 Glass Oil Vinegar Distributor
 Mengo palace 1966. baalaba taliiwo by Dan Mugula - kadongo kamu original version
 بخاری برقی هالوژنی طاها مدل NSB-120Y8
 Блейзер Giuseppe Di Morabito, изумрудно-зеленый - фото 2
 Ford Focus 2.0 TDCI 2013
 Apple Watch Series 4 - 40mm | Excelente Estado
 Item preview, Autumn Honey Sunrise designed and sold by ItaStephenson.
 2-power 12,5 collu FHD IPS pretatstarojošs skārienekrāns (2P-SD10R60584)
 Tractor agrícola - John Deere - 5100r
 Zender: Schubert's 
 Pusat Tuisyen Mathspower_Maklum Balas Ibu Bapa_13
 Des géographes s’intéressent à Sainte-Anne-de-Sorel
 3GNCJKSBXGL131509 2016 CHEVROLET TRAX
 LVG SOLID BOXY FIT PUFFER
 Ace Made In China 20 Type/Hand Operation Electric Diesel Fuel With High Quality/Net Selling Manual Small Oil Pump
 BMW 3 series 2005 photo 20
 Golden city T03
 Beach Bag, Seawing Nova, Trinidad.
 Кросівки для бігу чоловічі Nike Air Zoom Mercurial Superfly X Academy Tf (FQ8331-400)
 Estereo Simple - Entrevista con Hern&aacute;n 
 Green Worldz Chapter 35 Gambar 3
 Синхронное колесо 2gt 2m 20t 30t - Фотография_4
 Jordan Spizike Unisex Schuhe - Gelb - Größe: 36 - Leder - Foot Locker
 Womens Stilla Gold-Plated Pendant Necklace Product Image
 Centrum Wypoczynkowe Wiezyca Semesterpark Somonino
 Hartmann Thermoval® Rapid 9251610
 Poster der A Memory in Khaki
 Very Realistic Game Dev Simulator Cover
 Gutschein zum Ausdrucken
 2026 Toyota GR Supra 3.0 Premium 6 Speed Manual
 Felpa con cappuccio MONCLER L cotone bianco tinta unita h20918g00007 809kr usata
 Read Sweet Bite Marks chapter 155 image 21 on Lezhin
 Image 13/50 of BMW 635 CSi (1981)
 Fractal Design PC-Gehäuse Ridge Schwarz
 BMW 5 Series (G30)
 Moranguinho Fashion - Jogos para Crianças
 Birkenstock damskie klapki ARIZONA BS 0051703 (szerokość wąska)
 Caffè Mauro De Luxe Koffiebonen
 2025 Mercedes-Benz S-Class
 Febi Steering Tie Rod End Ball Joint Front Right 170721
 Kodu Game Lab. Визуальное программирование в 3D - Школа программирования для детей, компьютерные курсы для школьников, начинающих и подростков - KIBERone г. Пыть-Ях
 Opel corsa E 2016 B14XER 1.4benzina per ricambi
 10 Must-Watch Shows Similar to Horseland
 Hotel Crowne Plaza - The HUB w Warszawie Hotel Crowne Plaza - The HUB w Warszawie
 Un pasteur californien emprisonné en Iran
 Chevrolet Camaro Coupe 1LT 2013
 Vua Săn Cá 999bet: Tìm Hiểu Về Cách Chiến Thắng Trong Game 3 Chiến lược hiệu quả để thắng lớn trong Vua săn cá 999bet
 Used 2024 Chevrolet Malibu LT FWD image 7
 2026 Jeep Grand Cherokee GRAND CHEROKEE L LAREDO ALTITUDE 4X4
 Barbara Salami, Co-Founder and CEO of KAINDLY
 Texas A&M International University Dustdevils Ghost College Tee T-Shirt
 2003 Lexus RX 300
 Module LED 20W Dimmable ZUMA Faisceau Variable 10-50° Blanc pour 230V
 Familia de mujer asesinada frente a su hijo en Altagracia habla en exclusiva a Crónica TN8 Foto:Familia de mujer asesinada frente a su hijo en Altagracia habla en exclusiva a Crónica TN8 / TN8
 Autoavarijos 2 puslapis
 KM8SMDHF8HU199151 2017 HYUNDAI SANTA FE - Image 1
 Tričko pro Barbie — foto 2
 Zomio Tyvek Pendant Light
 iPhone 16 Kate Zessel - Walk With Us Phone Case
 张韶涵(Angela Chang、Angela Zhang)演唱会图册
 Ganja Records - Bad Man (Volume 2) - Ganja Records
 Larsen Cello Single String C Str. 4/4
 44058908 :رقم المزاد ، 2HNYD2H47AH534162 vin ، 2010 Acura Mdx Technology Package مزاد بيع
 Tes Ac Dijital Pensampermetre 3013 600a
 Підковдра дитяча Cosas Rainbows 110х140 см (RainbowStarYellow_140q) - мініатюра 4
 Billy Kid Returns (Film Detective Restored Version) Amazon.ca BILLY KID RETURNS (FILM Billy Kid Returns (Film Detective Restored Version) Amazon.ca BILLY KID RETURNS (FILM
######
TASK GOAL: The lines from the first of the entries through the line holding "Poster der A Memory in Khaki" are to be restated word for word, and no others.

REPLY:
 Glass Oil Vinegar Distributor
 Mengo palace 1966. baalaba taliiwo by Dan Mugula - kadongo kamu original version
 بخاری برقی هالوژنی طاها مدل NSB-120Y8
 Блейзер Giuseppe Di Morabito, изумрудно-зеленый - фото 2
 Ford Focus 2.0 TDCI 2013
 Apple Watch Series 4 - 40mm | Excelente Estado
 Item preview, Autumn Honey Sunrise designed and sold by ItaStephenson.
 2-power 12,5 collu FHD IPS pretatstarojošs skārienekrāns (2P-SD10R60584)
 Tractor agrícola - John Deere - 5100r
 Zender: Schubert's 
 Pusat Tuisyen Mathspower_Maklum Balas Ibu Bapa_13
 Des géographes s’intéressent à Sainte-Anne-de-Sorel
 3GNCJKSBXGL131509 2016 CHEVROLET TRAX
 LVG SOLID BOXY FIT PUFFER
 Ace Made In China 20 Type/Hand Operation Electric Diesel Fuel With High Quality/Net Selling Manual Small Oil Pump
 BMW 3 series 2005 photo 20
 Golden city T03
 Beach Bag, Seawing Nova, Trinidad.
 Кросівки для бігу чоловічі Nike Air Zoom Mercurial Superfly X Academy Tf (FQ8331-400)
 Estereo Simple - Entrevista con Hern&aacute;n 
 Green Worldz Chapter 35 Gambar 3
 Синхронное колесо 2gt 2m 20t 30t - Фотография_4
 Jordan Spizike Unisex Schuhe - Gelb - Größe: 36 - Leder - Foot Locker
 Womens Stilla Gold-Plated Pendant Necklace Product Image
 Centrum Wypoczynkowe Wiezyca Semesterpark Somonino
 Hartmann Thermoval® Rapid 9251610
 Poster der A Memory in Khaki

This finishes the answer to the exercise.